** Entries shown follows **

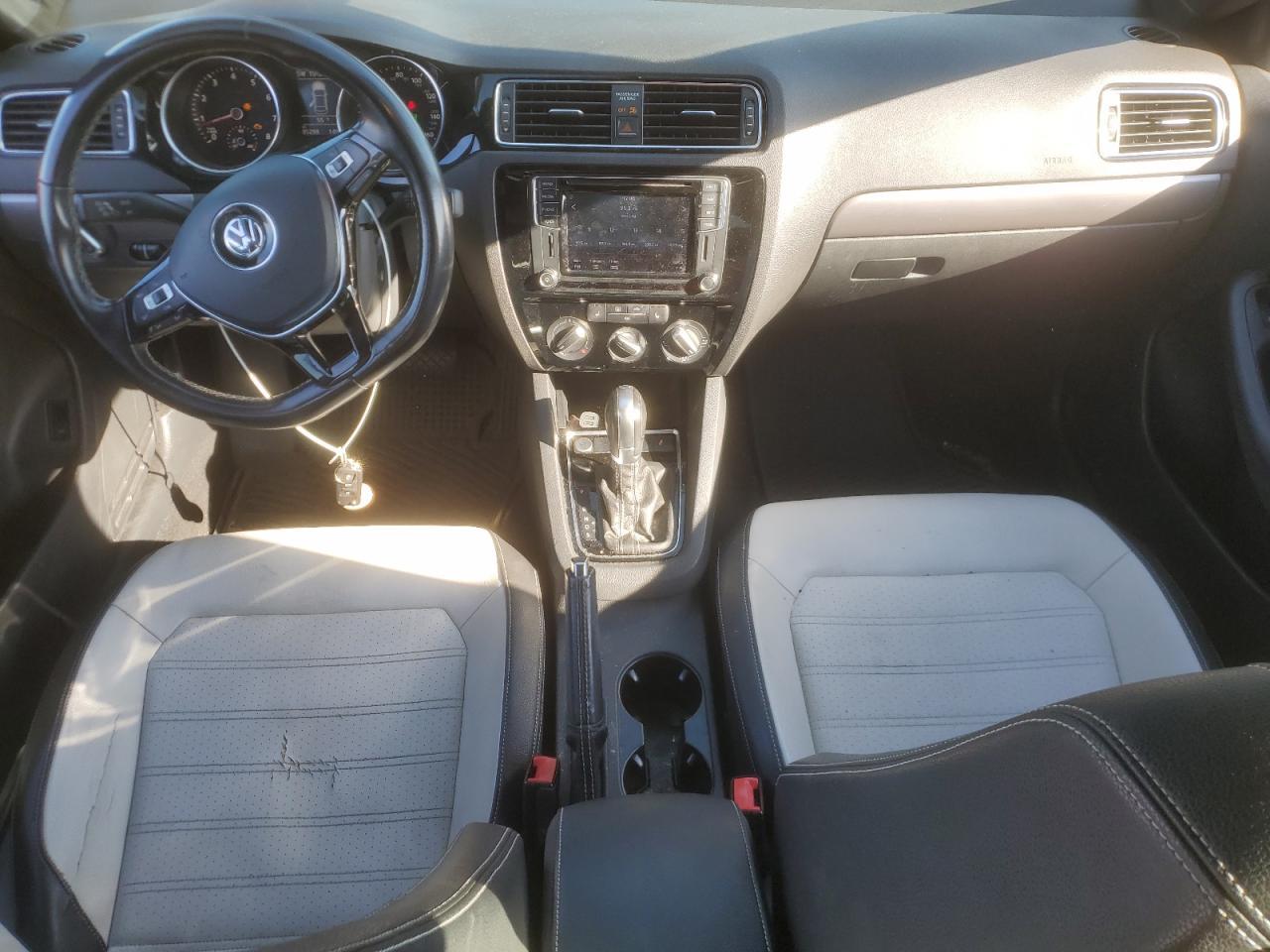 2016 VOLKSWAGEN JETTA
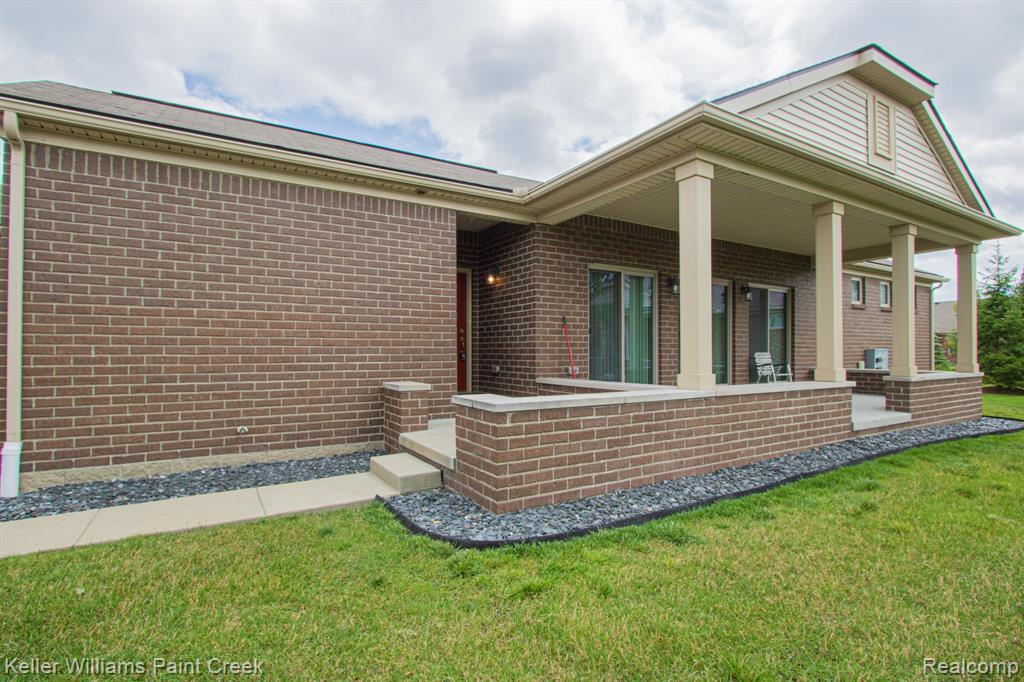 49231 Hanna Court, Macomb, MI 48042 — Photo 32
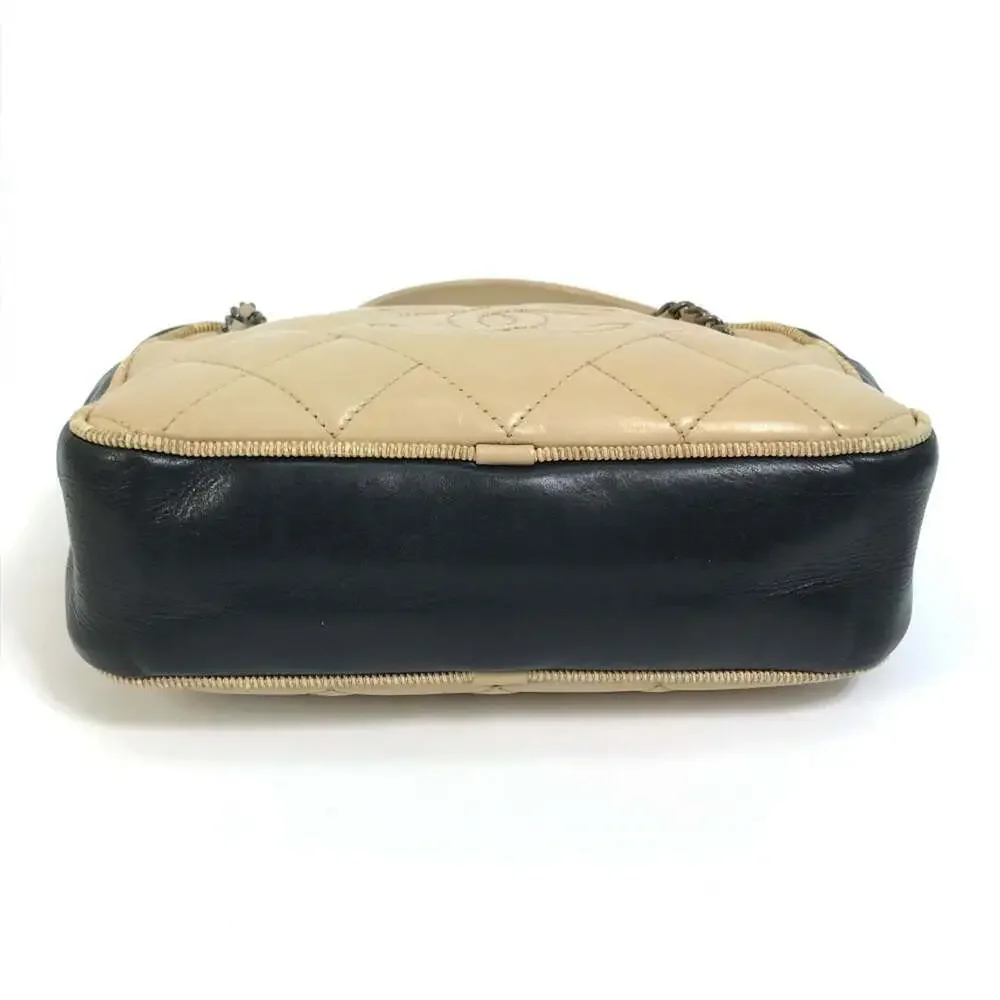 CHANEL Cream Shoulder Bag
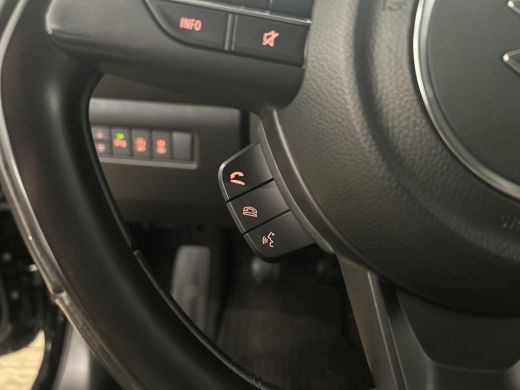 Suzuki Swift 1.2 Select Smart Hybrid ActivLease financial lease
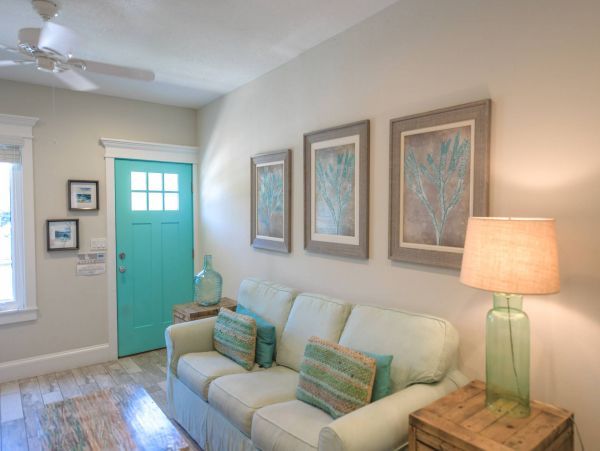 Bay Front One Bedroom Condo With Pool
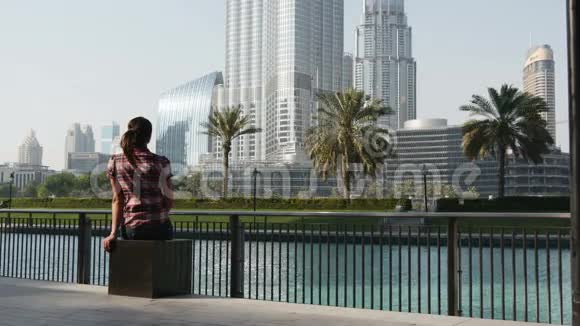 坐在BurjKhalifa前面的女人视频的预览图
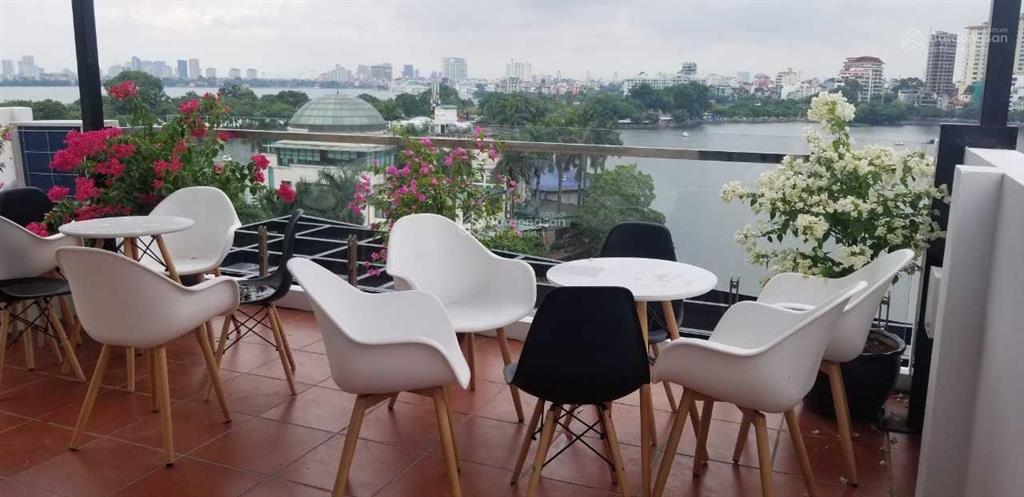 Bán nhà mặt phố thi sách hà nội sổ đỏ 185m2 xây 11 tầng đang cho thuê 400tr/tháng giá 135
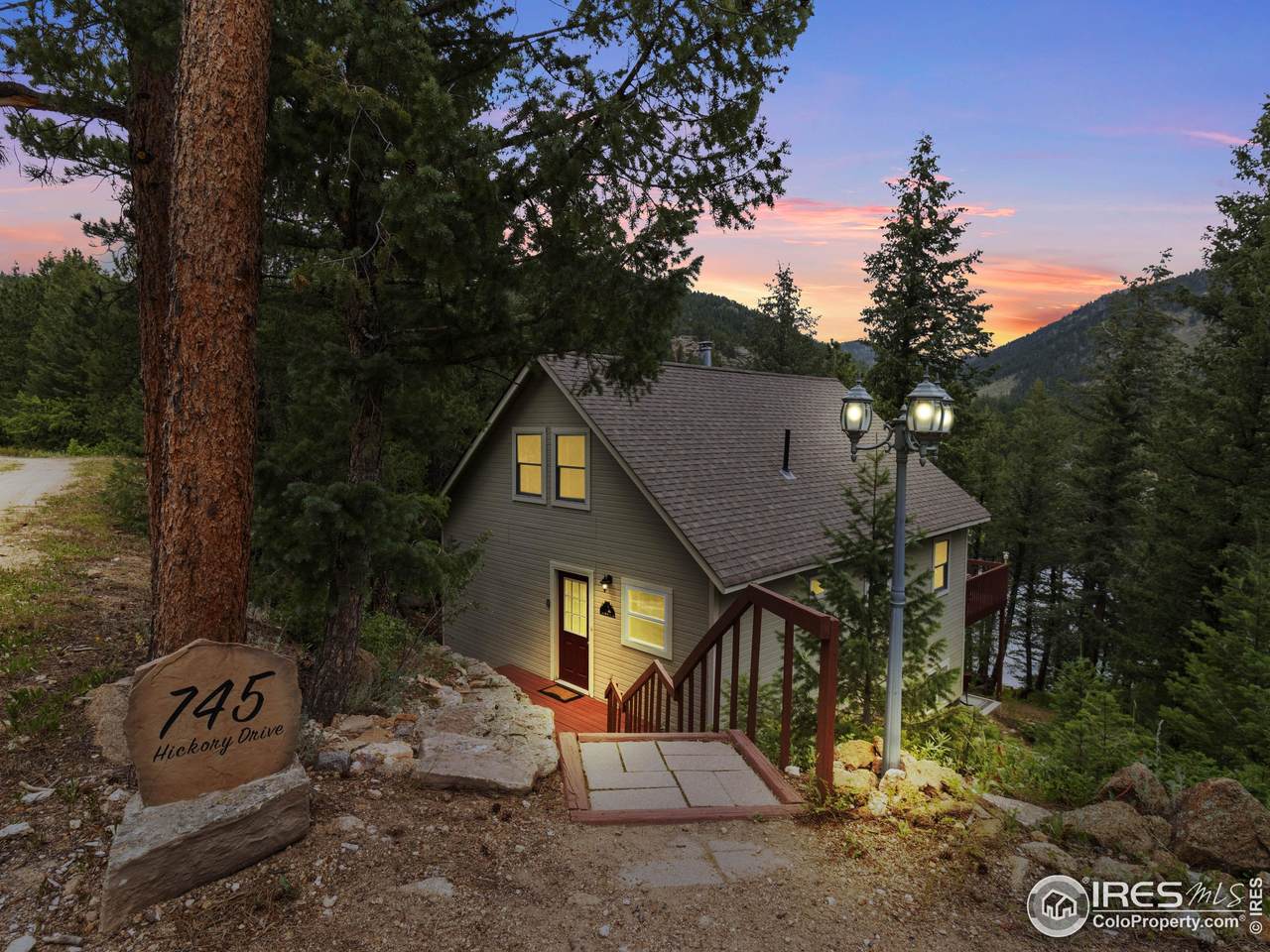 745 Hickory Dr - Photo 1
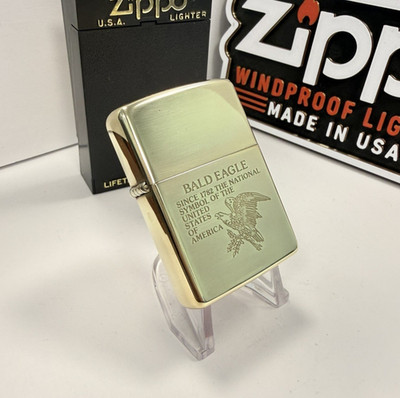 ORIGINAL Zippo Feuerzeug BALD EAGLE SYMBOL OF AMERICA Messing poliert 1994 NEU OVP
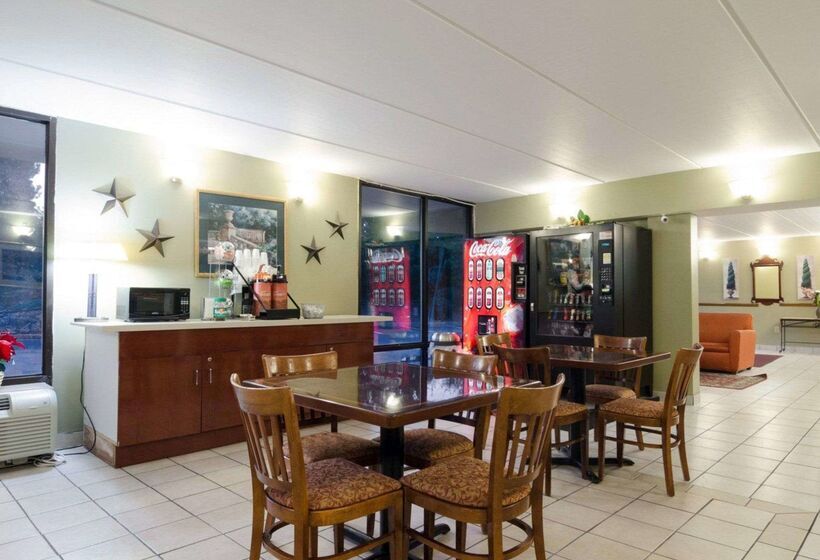 فندق Rodeway Inn Norcross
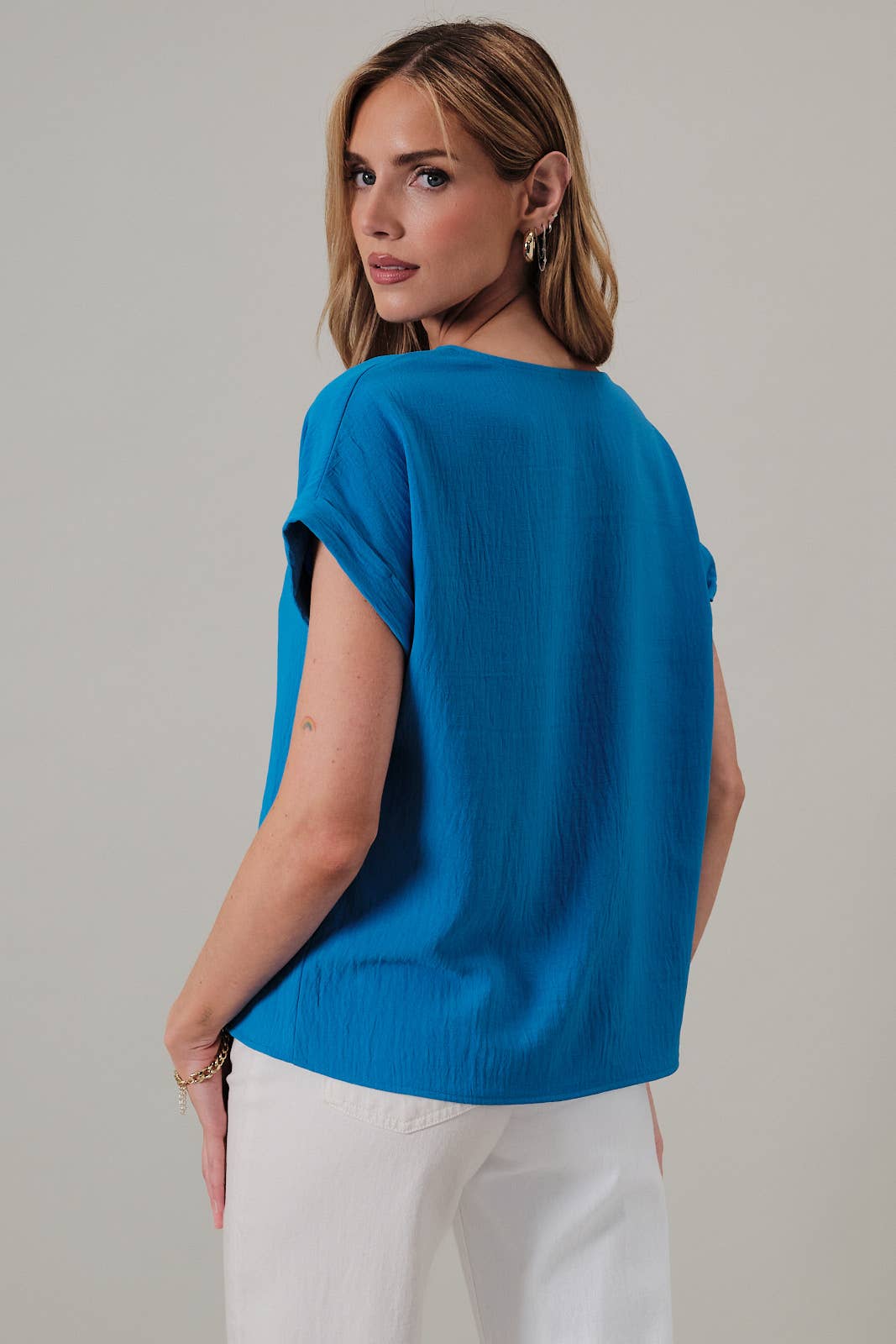 Short Roll-up Sleeve Top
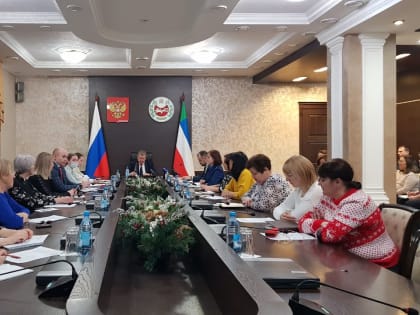 В Хакасии обсудили актуальные вопросы жилищно-коммунального хозяйства республики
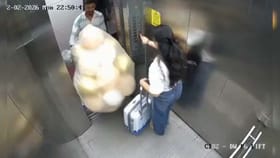 లిఫ్ట్ గాలిలో ఉండగా.. ఒక్కసారిగా పేలిన బెలూన్లు..!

** End of Entries shown **

Your assignment: Print only the lines from the one with "Bán nhà mặt" through the last line of the data above, exactly and with both ends, and please omit any pictures.

Task output:
 Bán nhà mặt phố thi sách hà nội sổ đỏ 185m2 xây 11 tầng đang cho thuê 400tr/tháng giá 135
 745 Hickory Dr - Photo 1
 ORIGINAL Zippo Feuerzeug BALD EAGLE SYMBOL OF AMERICA Messing poliert 1994 NEU OVP
 فندق Rodeway Inn Norcross
 Short Roll-up Sleeve Top
 В Хакасии обсудили актуальные вопросы жилищно-коммунального хозяйства республики
 లిఫ్ట్ గాలిలో ఉండగా.. ఒక్కసారిగా పేలిన బెలూన్లు..!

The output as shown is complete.